External feedback from other people (critiques and helpful comments).
A lot of people will look at your artwork and say things like, “Oh, that’s beautiful” or “You’re so talented.”  Those people are good fuel to keep you going…but sometimes you need someone who, when you ask them to, will just tell you like it is in a specific, helpful way:  “The face is too round,” “Don’t you think that looks too light?”,  “Have you considered making her hand bigger?”, or “She looks a bit angry, don’t you think?”  I treasure the people who I know will be honest with me when I request it, because they let me “see” my artwork when I’m blind to what’s going on—of course, that doesn’t mean I always act on what they say!

Squinting or using one eye.
There are a lot of artists who do this.  I don’t really.  It doesn’t tend to help me.   But it should be on the list because sometimes you don’t have time, a mirror, or other people…when that happens, you’ve got to have something in your tool-bag to fall back on!

When you see "talent", look behind it for some of these techniques for avoiding art-blindness.  They’ll be there.  And, to watch the process in action, check out this video about a first grader drawing a butterfly.  There’s a metamorphosis so dramatic you might as well be watching the caterpillar itself change.  If you have friends who think they can’t draw or you yourself think you can’t draw, watch it thinking, “That could be me.”  Go ahead.  It’s only six minutes.  

It's called Austin's Butterfly:  Building Excellence in Student Work and is by Expeditionary Learning. Watch it on YouTube or, if you prefer, here's the same video on Vimeo.  

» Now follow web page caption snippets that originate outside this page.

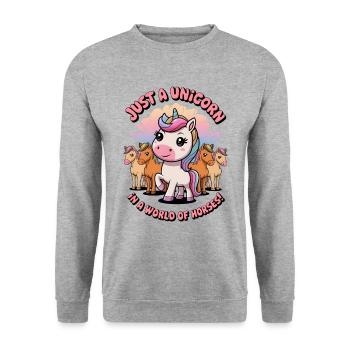 Juste une licorne dans un monde de chevaux ! - Sweat-shirt Unisexe - gris chiné - Devant - Alina (178cm) & Michal (187cm)
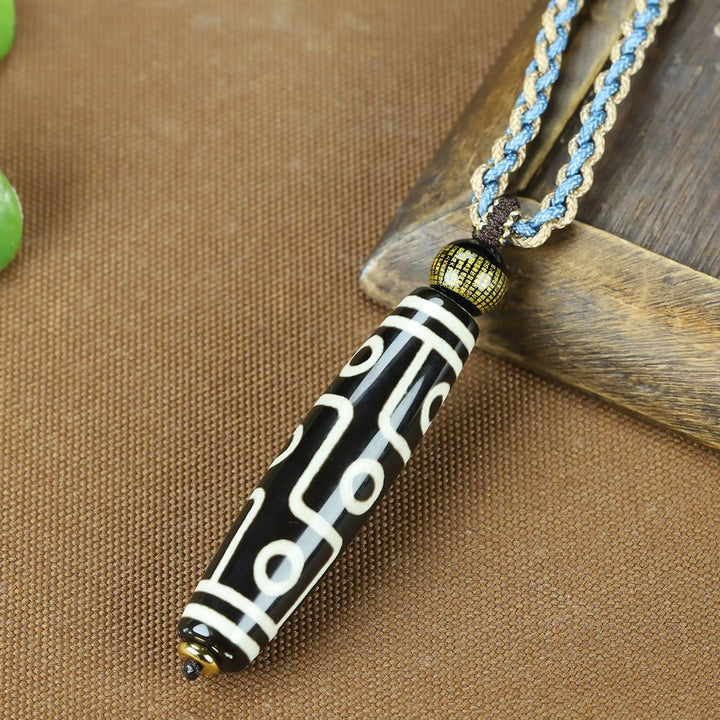 Tibetan Nine - Eyed Dzi Bead Protection Energy Necklace - BuddhaEnergyHealing
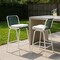 Homeroots Set of Two White and Green Woven Back And Aluminum Counter Height Bar Chairs, 2PK 668807 - alternate 5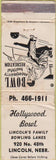 Matchbook Cover - Hollywood Bowling Lincoln NE POOR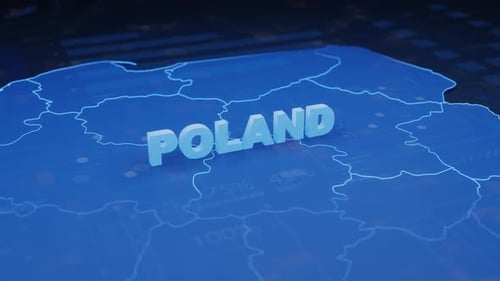Digital Map of Poland with Animated Glowing Border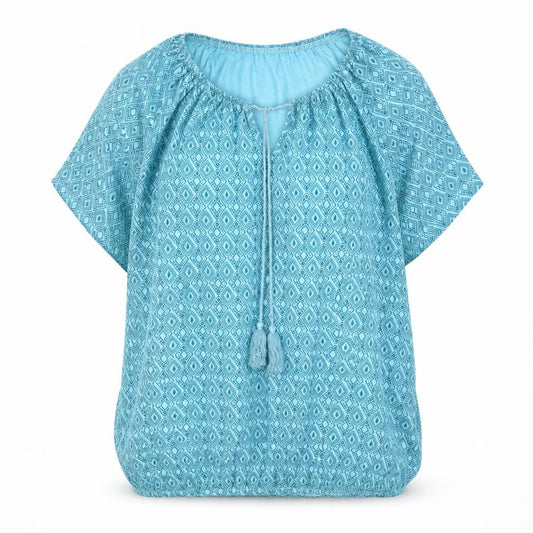 Front view of Yidarton women’s blue geometric viscose basic blouse, size L, v-neck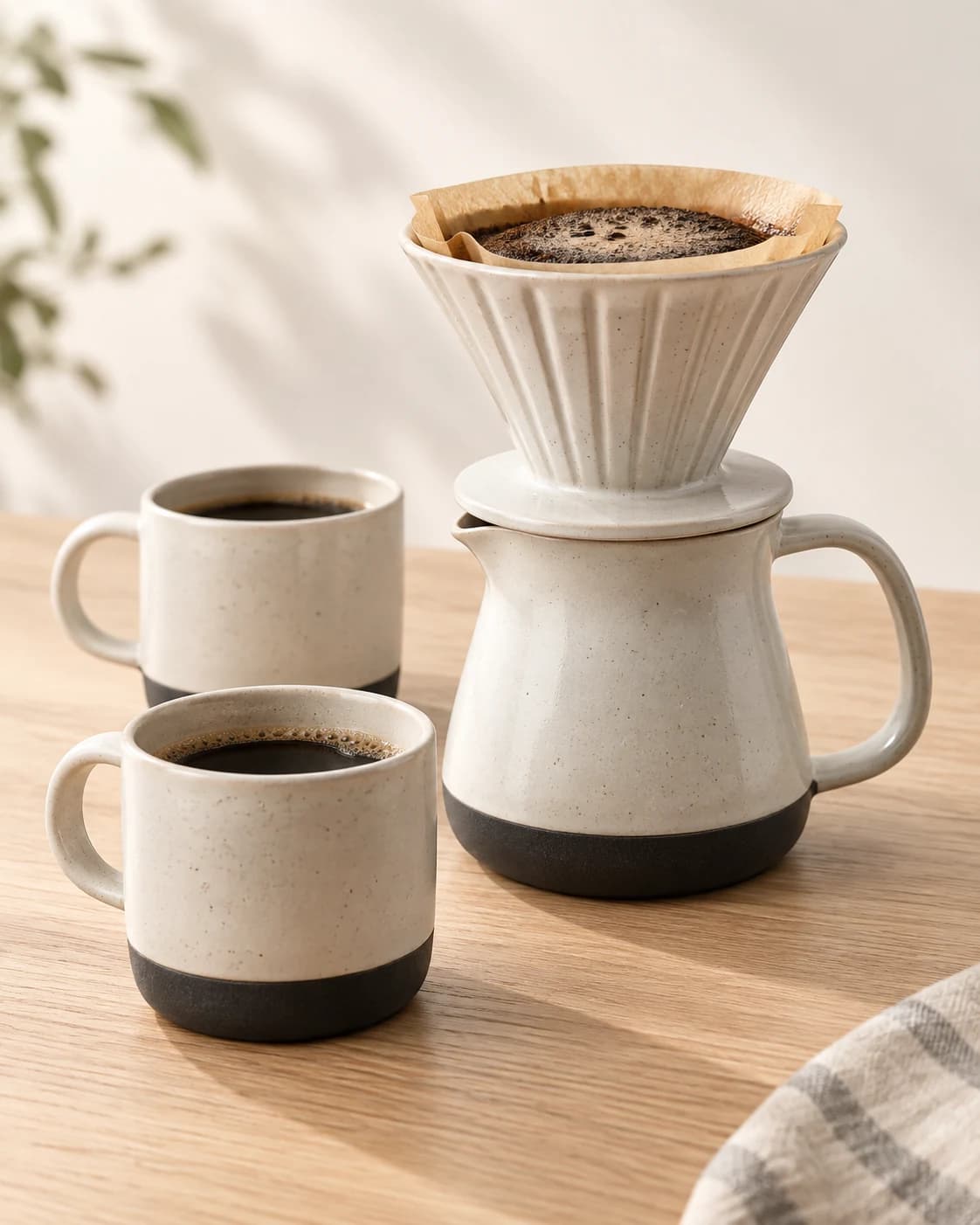 a ceramic pour-over coffee maker with two cups in a light oak tabletop, a three-quarter hero arrangement with soft morning window light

*If you‘ve ever watched the special features of an animated film, you might have seen a storyboard there since they are used extensively in animation to plan out the movie.  Since mine are for picture books, I just do one sketch per page (although I will group two pages together when they share an illustration and you can see both pages at the same time…this is called a “spread” because the illustration spreads across the pages).  It lets me see the whole book at once so I can make sure the illustrations have variety.   Here's an example of one I posted on my Facebook page a while back.  

Tuesday, February 4, 2014

How To Draw A Cat

Right now I'm working on illustrating a children's book.  One of the characters appearing on every page is a cat.  Now I can draw a cat.  Circle for the head, triangles for the ears, a cute little upside down triangle for the nose, three little whiskers on each side of the cat's little chiny-chin-chin.  But my standard little cat wasn't cutting it...and unfortunately for me, at the time I didn't have a cat around to draw from. Not that it would have helped. Have you ever tried to pose a cat?  Here, kitty-kitty, stand with one leg here and one leg there.  Angle your head to the side.  Just a little bit more.  No, don't run away.  No, I don't want you to twine around my legs, I want you to pose!  Look, cat, if you aren't going to pose you definitely can't lay on top of my work.

Do you have a cat around?  Go ahead.  Try getting it to pose.  I dare you.

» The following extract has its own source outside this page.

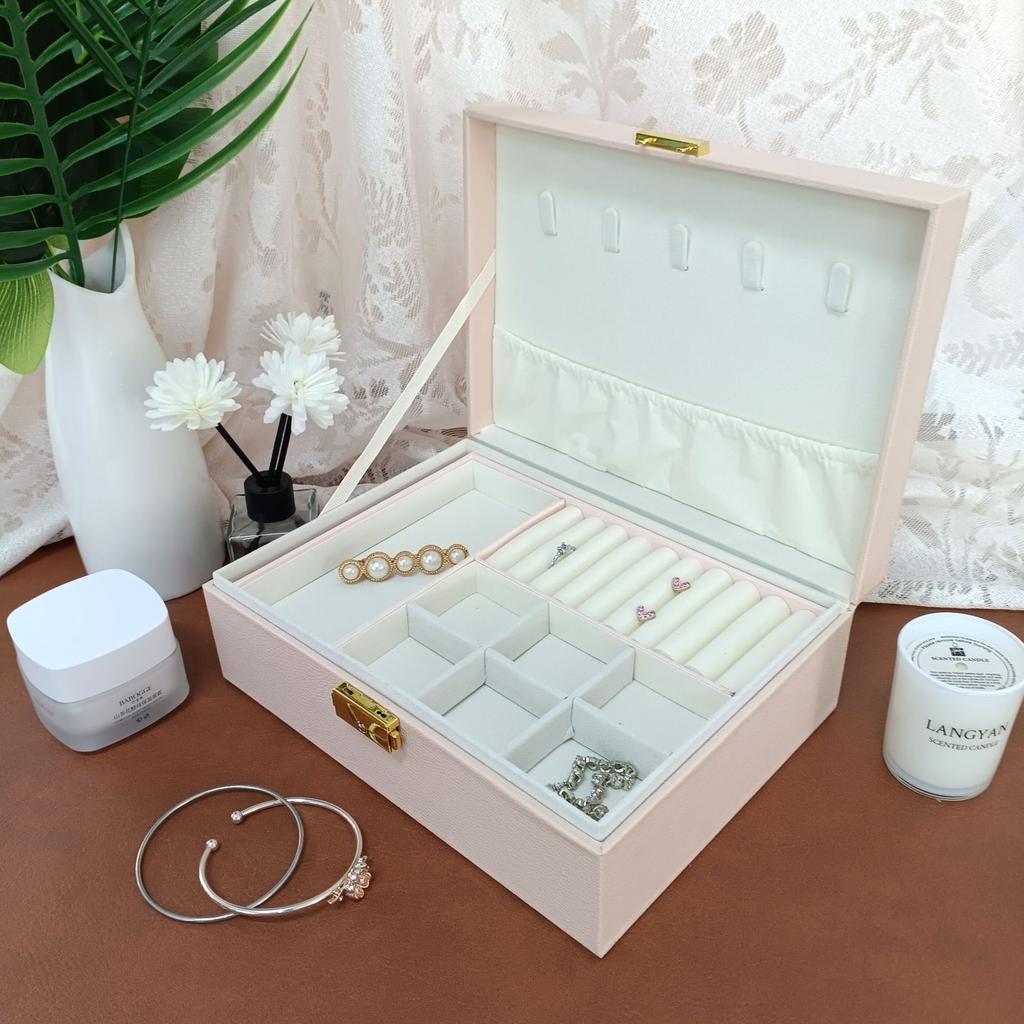 Double-layer locked storage box, jewelry box, jewelry box, stud earrings, ring box, necklace, jewelry packaging box.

So I muddled through drawing my cats in the storyboard and immediately after finishing, I set about drawing cats as part of an art-warm up.  Twenty cats before breakfast?  No problem...those Facebook, YouTube, and Pinterest "cute cat" videos and images actually counted as work!

But it made me think about all those moments where I've drawn a cat and people have said, "Wow! You're so talented!  I wish I could draw like that."

They didn't see me as a kid practicing diligently from "How to Draw" books.

They didn't see me redrawing lines and erasing wrong lines.

They didn't see me studying cats for the shape their bodies make standing, walking, stretching.

They didn't see the pictures of dogs, bears, and furry creatures that help me make it look easy when it comes to drawing cat fur.

They didn't see the frustration caused by my expectations for my own cat-drawing abilities rising parallel to my skills so that even as I improved, my perception of my abilities stayed the same.

They didn't see the cats that, despite all my best efforts, didn't quite turn out as expected.

They didn't see the twenty cats before breakfast.